Production tier · Reference card · API Academy

Production.
One sheet.

Market-making spread + skew, the triangular-arb formula, signal-score normalisation, the deploy gate every production bot crosses, kill-switch shapes, and the recovery decision tree. Pin it; print it; come back to it.

Back to Module 18

MM quote model

M15

bid = mid − spread/2 − skew ask = mid + spread/2 − skew skew = k · (inventory / cap)

Spread covers risk + fees. Skew nudges quotes against your inventory: long → lower bid, lower ask (encourage selling).

Defaults. spread = 2×fee + 1σ_1m; k = 0.3 at |inv| = cap.

Triangular arb

M16

For mutually exclusive markets that should sum to 1:

edge = 1 − Σ ask_i − round_trip_cost

If Σ ask < 1 − cost, buy all sides; payout is exactly 1 share at settlement.

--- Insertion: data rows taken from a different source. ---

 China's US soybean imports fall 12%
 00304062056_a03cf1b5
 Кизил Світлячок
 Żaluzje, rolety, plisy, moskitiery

Caveat. Liquidity has to support all legs simultaneously. Walk depth, fill IOC; if any leg misses, immediately hedge the others.

Signal scoring

M17

z = (x − μ_rolling) / σ_rolling score = clip(z, −3, +3)

Why z-score. Lets you combine signals on different scales (volume, sentiment, momentum) without one drowning out the others.

Combine. Weighted sum, then re-z-score the combined signal so risk caps stay scale-invariant.

Latency budget

M18

Hop	Typical
WS event → agent	5–30 ms
Agent decide	5–100 ms
Sign + submit	20–80 ms
Exchange ack	50–200 ms
Total RTT (p50)	~200 ms

If your strategy needs < 50ms RTT, you’re competing with infra you don’t have. Pick a slower-edge strategy.

Kill switches

M18

Three layers, every production bot needs all three:

Layer	Trigger	Effect
Hard cap	Per-trade size, per-day loss, position limit	Refuse new orders; hold existing.
Drawdown	NAV drop > threshold	Cancel resting orders, flatten gradually, alert.
Manual flag	File `state/KILL` exists	Hot loop checks at top of every iteration; refuses to act.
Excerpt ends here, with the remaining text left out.